While the Spanish were exploiting other parts of Central and South America for gold and silver, the Europeans in Mérida were exploiting the Yucatán and the Mayans for “henequen,” which is a fibrous species of agave. Other species are good for making tequila, but Agave fourcroydes is good for making rope. So good for making rope that in the 18th and 19th Centuries, Mérida was reputedly the home of more millionaires than any other city in the world.
While coming into Mérida on the bus (four hours across the Yucatán) and taxi, the city felt like many Mexican towns away from tourist areas: lots of piece-meal building either under construction or demolition (hard to tell), and lots of small cars, trucks, motorcycles, bicycles, dogs, and kids. We were wondering what we had gotten into this time.
After three very pleasant days, our first impression was only half right. It is a modern city with all the restaurants, museums, theaters, parks, plazas, and problems one would expect of a city with almost a million inhabitants. Many of them ex-pats, some of whom manage to live here year round. It gets hot.
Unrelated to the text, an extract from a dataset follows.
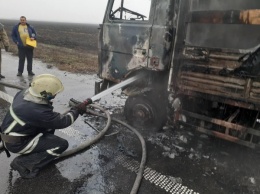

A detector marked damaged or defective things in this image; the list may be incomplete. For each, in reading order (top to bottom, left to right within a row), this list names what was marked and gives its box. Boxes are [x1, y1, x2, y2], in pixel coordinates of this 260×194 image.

burned truck [96, 0, 260, 148]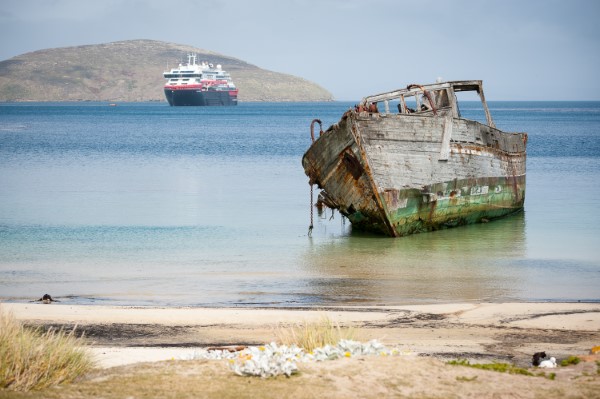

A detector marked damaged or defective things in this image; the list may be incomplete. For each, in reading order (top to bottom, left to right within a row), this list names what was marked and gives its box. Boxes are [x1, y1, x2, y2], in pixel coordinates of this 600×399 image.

peeling paint on hull [302, 81, 528, 238]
As you step inside, the world changes. These pictures are inside Pete and Norma’s: looking from the dining room toward the front; looking from the living room toward the back, and the “back yard.” The lighted area between the arched doors is open to the sky. If it is raining, you will get wet going to dinner. Not shown, on the right, are the kitchen, two bedrooms, two bathrooms, and the upstairs suite (outside stairs up by the pool).
Many of the older homes have been rehabbed but there are some restrictions that cause many Norte Americanos to build new on the north edge of town. First, you aren’t allowed to appreciably change the appearance of the street side but that seems to be the only official restriction; if you want to convert your house into a store, bar, restaurant, or rope factory, they have no problem with that. It’s actually very convenient; you can find very nice little restaurants tucked in anywhere.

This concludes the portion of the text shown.